◆ WHAT YOU ARE ASKED TO DO: The task calls for the lines below from the line with "Preview for 41" to the line with "Mind Map: 営基会", both ends included, copied exactly, without any pictures.

◆ EXERCISE MATERIAL:
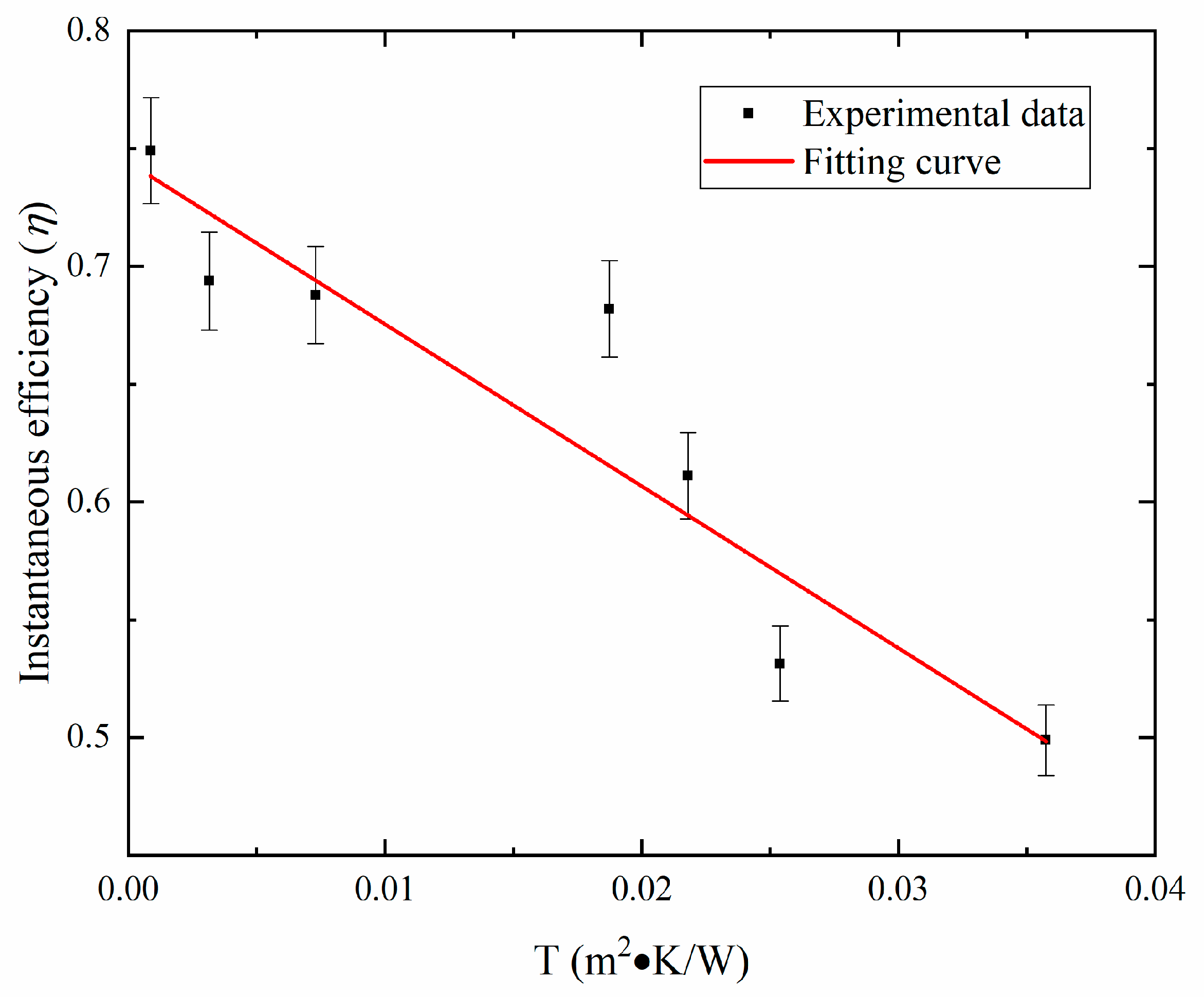 Energies 11 02553 g005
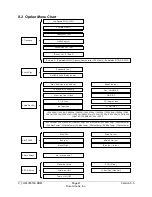 Preview for 41 page of Doremi V1-HD User Manual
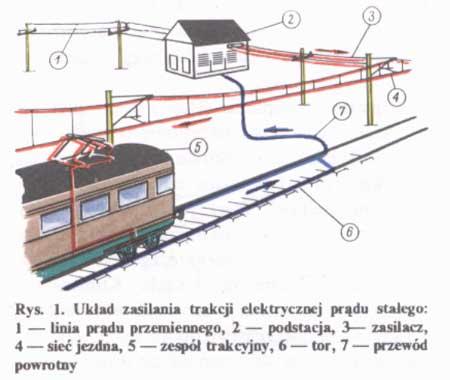 Własność majątkowa Nie wszystkie elementy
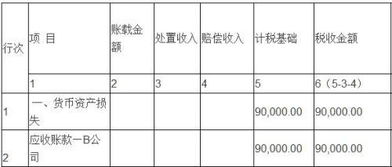 壞帳損失記入啥會計科目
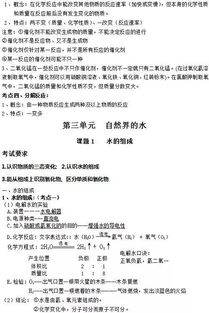 初三化學(xué)基礎(chǔ)知識(shí)總結(jié)歸納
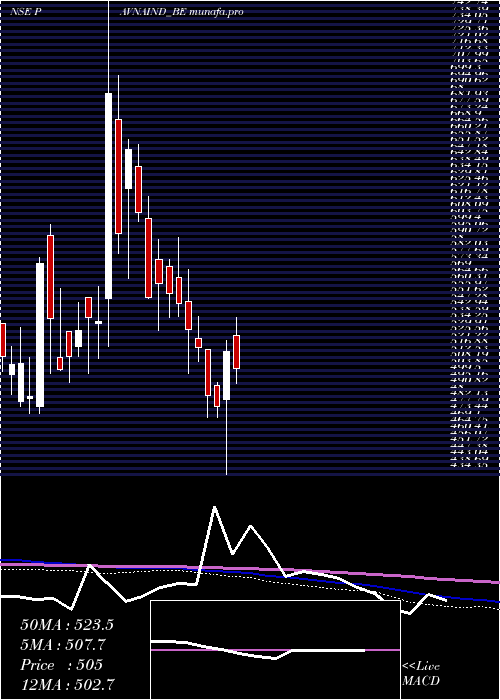  weekly chart PavnaIndustries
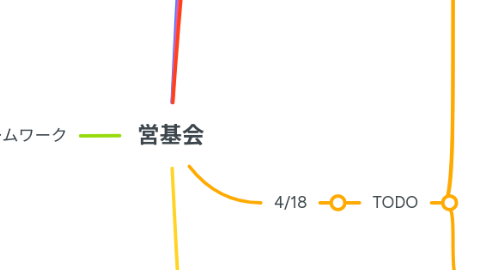Mind Map: 営基会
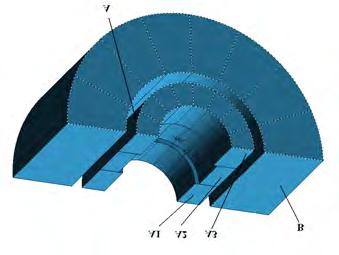 materialelor. Ansamblul este format din doi cilindri A şi B dispuşi concentric cu magneţi permanenţi 1 şi 2.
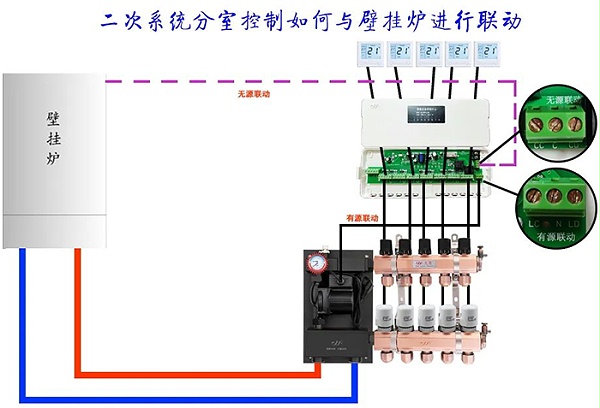 二次系统分室控制如何与壁挂炉进行联动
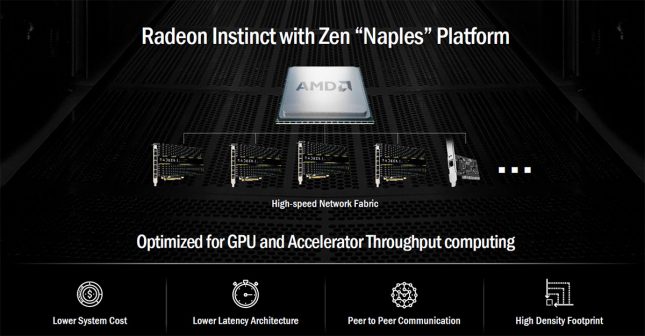 AMD Zen Naples Platform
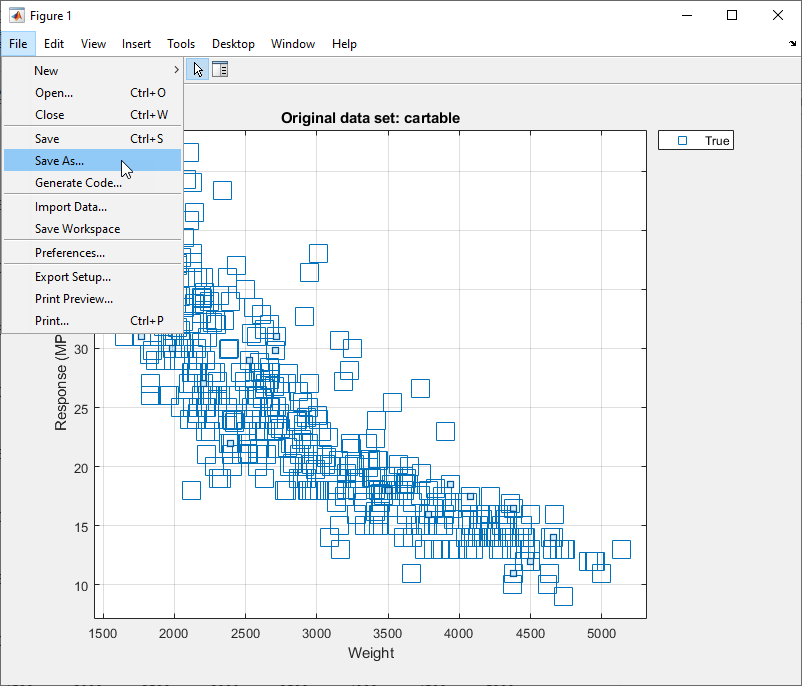 Exported plot figure window with the Save As option selected in the File menu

◆ EXERCISE OUTPUT:
 Preview for 41 page of Doremi V1-HD User Manual
 Własność majątkowa Nie wszystkie elementy
 壞帳損失記入啥會計科目
 初三化學(xué)基礎(chǔ)知識(shí)總結(jié)歸納
  weekly chart PavnaIndustries
Mind Map: 営基会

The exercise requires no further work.